8. Cultural sensitivity: Understand family cultural beliefs about illness, death, and communication with children. Some cultures shield children from diagnosis. Work within family's values while advocating for child's needs. Use interpreters when needed.
9. Timing and pacing: Break information into small chunks. Allow time for processing. Don't overwhelm with too much at once. Watch for child's cues that they've had enough. Be prepared for repeated conversations as child's understanding evolves.
10. Including siblings: Remember to communicate with brothers and sisters who are also grieving and scared. Provide age-appropriate explanations. Include them in care activities when appropriate. Siblings often feel forgotten and develop behavioral problems.
11. Hope and strength focus: While being honest, also highlight child's strengths and moments of joy. "You are so brave." "Look how well you're handling this." Helps maintain self-esteem. Hope can shift from cure to comfort and making meaningful memories.

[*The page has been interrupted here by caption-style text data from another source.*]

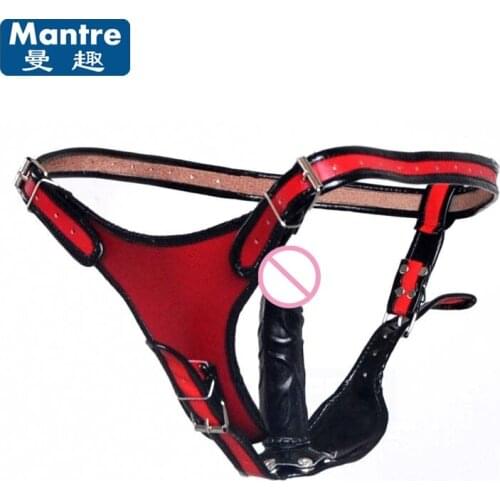 Genuine Leather Strapon Dildos Belt Lesbian Women Gay Bondage Harnesses Adult Masturbate Sex Products
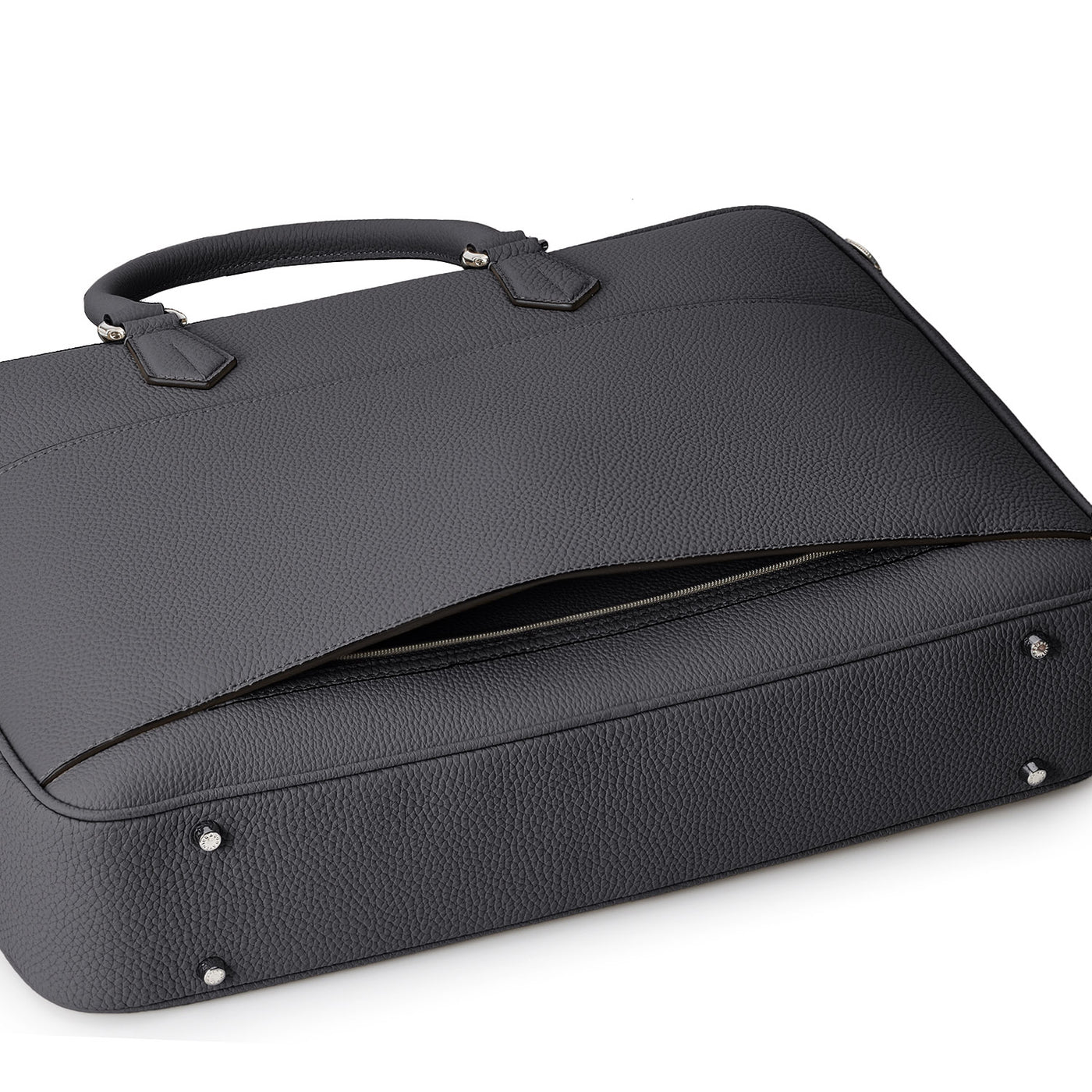 ジャクソン ブリーフケース シュリンクレザー チャコールグレー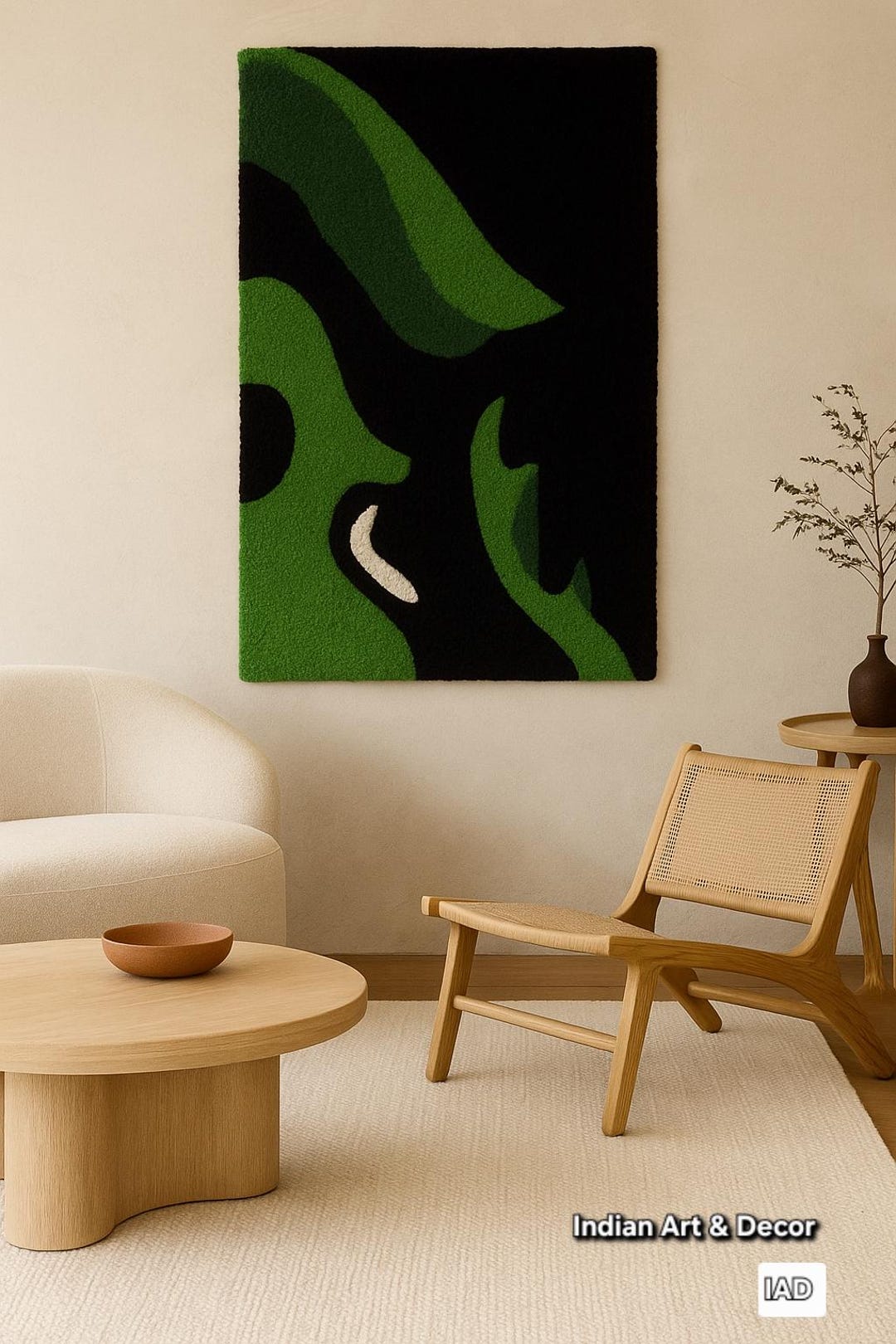 Hand Tufted Green & Black Abstract Wall Rug – Modern Textured Wool Art ...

12. Bereavement communication: After death, provide simple, clear information to siblings about what happened. Allow them to say goodbye if desired. Continue to check on family in months following death. Acknowledge that grief looks different in children (play, anger, regression).

(c) Goals of Pain Measurement and Assessment in Children:

1. Quantify pain intensity: Assign numerical or categorical value to pain severity (0-10 scale, mild/moderate/severe) to track changes over time and evaluate treatment effectiveness. Provides objective data for clinical decisions and communication among team members.
2. Identify pain characteristics: Determine location, quality (sharp/dull/burning), pattern (constant/intermittent), triggers, and relieving factors. Helps distinguish pain types (nociceptive vs neuropathic) and guides appropriate treatment selection.
3. Guide treatment decisions and evaluate outcomes: Baseline assessment determines initial treatment plan. Regular reassessment (every 30 min after intervention) evaluates effectiveness and guides titration. Ensures timely adjustment of analgesic regimen to achieve optimal pain control with minimal side effects.
ASSESSMENT GOALS: "QIG" - Quantify, Identify, Guide
🌈 Children's Voices Matter: Include child in all discussions appropriate to their age. They have right to information about their body and treatments. Honest communication reduces anxiety and builds trust.